There is material below. Print exactly the lines starting at the line with "thumbnail image 3" and ending at the line with "Food Grade Fryer", ends included, and no others.

## Material to process
● ● ●

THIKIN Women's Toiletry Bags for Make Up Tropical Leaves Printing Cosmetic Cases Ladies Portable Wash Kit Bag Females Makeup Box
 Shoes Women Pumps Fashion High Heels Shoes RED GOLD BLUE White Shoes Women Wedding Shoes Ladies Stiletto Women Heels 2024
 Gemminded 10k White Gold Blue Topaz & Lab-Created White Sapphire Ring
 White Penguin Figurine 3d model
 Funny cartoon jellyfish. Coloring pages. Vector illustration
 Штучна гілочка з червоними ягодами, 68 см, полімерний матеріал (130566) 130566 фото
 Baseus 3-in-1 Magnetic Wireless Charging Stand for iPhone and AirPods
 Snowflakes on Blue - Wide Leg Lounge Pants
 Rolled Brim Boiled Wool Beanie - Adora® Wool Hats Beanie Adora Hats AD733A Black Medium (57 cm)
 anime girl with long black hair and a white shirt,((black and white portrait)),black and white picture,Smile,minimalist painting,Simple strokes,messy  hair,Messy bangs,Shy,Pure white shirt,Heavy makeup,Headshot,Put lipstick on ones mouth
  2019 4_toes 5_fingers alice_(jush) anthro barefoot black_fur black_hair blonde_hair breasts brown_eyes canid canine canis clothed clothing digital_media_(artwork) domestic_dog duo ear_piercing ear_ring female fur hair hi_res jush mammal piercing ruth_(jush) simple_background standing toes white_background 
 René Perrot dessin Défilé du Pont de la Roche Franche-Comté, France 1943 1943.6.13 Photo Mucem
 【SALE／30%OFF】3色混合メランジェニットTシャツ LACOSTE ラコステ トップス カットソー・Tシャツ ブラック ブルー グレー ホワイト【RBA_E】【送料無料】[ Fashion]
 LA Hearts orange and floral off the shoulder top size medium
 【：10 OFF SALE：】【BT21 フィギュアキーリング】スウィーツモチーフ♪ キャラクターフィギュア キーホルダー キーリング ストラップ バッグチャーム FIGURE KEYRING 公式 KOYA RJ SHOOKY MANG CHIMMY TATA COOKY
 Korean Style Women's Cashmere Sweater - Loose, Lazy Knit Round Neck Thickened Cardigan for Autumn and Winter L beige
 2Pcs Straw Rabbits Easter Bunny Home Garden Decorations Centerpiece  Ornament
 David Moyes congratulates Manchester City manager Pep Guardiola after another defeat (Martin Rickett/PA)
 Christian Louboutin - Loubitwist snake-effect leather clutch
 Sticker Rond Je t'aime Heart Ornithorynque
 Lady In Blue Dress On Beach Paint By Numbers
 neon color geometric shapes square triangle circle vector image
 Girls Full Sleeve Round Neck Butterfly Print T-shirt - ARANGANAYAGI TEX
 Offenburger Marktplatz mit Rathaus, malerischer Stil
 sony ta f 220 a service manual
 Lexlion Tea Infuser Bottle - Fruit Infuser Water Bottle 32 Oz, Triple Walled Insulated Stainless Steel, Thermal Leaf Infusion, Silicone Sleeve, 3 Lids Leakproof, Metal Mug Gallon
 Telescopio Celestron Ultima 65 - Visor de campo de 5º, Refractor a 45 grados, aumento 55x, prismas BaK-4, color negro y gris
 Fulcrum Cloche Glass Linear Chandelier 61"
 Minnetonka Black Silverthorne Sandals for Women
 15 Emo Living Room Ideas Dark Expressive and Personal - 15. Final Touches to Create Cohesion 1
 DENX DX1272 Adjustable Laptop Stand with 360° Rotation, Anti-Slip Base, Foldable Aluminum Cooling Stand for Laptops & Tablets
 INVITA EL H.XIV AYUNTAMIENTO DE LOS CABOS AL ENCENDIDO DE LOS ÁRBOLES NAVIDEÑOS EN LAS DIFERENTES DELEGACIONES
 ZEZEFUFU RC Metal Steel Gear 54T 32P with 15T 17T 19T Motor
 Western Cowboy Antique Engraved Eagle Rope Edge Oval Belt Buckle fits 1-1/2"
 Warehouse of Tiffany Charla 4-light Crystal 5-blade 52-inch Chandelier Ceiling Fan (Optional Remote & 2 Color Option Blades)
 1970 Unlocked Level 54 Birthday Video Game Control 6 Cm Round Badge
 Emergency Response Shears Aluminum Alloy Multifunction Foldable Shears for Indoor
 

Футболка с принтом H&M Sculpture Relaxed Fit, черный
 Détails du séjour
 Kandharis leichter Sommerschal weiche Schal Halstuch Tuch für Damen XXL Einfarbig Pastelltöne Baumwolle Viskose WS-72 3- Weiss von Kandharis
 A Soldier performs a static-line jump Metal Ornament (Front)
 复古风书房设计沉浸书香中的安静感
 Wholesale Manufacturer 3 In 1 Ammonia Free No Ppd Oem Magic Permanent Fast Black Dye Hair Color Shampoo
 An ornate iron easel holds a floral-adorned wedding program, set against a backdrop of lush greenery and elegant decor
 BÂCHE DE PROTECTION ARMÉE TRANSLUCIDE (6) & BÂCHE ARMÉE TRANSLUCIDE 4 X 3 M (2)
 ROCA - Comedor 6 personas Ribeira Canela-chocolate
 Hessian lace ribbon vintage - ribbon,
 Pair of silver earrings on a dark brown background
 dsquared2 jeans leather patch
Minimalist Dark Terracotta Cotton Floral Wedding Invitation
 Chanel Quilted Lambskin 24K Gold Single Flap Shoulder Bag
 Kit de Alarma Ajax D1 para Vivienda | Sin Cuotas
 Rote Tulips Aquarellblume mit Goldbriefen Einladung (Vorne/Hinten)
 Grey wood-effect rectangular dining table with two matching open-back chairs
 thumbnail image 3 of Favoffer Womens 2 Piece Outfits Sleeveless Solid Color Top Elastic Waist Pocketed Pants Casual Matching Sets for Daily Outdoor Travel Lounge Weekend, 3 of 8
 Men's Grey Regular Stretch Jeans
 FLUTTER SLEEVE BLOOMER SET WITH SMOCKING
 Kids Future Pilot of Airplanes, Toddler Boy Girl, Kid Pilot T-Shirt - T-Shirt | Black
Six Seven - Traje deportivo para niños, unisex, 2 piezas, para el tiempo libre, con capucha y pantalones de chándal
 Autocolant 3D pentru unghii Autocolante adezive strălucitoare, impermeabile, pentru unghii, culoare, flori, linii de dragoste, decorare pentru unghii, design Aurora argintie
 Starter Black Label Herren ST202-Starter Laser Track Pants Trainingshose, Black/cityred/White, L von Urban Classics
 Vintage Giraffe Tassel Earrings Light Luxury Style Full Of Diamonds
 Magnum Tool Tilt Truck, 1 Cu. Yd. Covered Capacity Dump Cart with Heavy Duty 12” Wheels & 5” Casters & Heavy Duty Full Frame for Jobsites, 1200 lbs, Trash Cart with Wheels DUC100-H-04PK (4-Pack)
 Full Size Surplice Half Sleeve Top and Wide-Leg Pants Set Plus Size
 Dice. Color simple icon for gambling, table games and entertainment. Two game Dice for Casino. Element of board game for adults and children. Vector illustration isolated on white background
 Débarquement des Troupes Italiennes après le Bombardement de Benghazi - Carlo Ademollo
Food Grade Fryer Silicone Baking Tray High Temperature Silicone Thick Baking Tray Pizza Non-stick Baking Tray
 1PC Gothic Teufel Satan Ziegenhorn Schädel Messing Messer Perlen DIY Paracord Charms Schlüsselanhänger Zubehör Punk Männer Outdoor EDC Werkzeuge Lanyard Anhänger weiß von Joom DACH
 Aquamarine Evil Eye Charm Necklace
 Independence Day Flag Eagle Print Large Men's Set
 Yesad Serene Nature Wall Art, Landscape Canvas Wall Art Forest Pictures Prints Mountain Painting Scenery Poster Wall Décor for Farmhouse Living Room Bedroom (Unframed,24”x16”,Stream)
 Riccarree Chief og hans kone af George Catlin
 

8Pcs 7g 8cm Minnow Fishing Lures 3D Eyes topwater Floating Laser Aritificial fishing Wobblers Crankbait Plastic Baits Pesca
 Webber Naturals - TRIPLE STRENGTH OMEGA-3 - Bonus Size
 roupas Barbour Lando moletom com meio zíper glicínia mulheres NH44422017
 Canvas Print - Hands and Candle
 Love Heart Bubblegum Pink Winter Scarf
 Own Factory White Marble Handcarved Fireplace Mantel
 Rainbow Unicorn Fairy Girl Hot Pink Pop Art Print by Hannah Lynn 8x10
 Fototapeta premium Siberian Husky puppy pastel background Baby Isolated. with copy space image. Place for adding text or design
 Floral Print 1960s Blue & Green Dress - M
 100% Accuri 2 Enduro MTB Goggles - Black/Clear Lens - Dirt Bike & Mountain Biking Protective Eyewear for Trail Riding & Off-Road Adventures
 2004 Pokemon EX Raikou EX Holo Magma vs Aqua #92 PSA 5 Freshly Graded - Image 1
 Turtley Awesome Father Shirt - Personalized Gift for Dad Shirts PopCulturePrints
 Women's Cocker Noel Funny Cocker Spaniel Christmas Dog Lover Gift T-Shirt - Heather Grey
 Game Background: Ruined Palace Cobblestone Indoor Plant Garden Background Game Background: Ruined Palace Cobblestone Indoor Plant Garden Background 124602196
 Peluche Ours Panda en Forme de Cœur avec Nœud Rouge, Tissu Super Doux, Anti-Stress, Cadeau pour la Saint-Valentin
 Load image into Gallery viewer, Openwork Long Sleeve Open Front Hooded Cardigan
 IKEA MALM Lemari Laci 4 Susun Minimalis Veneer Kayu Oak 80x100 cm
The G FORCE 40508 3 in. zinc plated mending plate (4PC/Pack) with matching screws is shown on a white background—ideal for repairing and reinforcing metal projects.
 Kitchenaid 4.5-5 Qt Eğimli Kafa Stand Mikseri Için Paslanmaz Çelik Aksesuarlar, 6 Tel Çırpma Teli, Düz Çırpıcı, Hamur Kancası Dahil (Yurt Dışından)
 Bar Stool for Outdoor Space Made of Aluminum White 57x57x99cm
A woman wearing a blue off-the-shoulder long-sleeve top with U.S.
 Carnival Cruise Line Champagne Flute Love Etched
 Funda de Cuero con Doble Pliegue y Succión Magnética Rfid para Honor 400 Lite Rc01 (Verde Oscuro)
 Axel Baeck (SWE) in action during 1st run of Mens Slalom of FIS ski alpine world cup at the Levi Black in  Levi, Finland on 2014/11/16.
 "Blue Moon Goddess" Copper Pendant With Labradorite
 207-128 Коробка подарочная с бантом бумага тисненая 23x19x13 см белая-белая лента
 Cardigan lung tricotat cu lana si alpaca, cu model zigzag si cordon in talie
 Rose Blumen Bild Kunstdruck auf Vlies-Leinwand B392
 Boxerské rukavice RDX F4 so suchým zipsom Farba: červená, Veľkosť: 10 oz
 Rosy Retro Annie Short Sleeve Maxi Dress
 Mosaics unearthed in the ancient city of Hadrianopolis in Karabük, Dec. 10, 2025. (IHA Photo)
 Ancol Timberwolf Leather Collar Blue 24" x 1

● ● ●

## Result of this task
 thumbnail image 3 of Favoffer Womens 2 Piece Outfits Sleeveless Solid Color Top Elastic Waist Pocketed Pants Casual Matching Sets for Daily Outdoor Travel Lounge Weekend, 3 of 8
 Men's Grey Regular Stretch Jeans
 FLUTTER SLEEVE BLOOMER SET WITH SMOCKING
 Kids Future Pilot of Airplanes, Toddler Boy Girl, Kid Pilot T-Shirt - T-Shirt | Black
Six Seven - Traje deportivo para niños, unisex, 2 piezas, para el tiempo libre, con capucha y pantalones de chándal
 Autocolant 3D pentru unghii Autocolante adezive strălucitoare, impermeabile, pentru unghii, culoare, flori, linii de dragoste, decorare pentru unghii, design Aurora argintie
 Starter Black Label Herren ST202-Starter Laser Track Pants Trainingshose, Black/cityred/White, L von Urban Classics
 Vintage Giraffe Tassel Earrings Light Luxury Style Full Of Diamonds
 Magnum Tool Tilt Truck, 1 Cu. Yd. Covered Capacity Dump Cart with Heavy Duty 12” Wheels & 5” Casters & Heavy Duty Full Frame for Jobsites, 1200 lbs, Trash Cart with Wheels DUC100-H-04PK (4-Pack)
 Full Size Surplice Half Sleeve Top and Wide-Leg Pants Set Plus Size
 Dice. Color simple icon for gambling, table games and entertainment. Two game Dice for Casino. Element of board game for adults and children. Vector illustration isolated on white background
 Débarquement des Troupes Italiennes après le Bombardement de Benghazi - Carlo Ademollo
Food Grade Fryer Silicone Baking Tray High Temperature Silicone Thick Baking Tray Pizza Non-stick Baking Tray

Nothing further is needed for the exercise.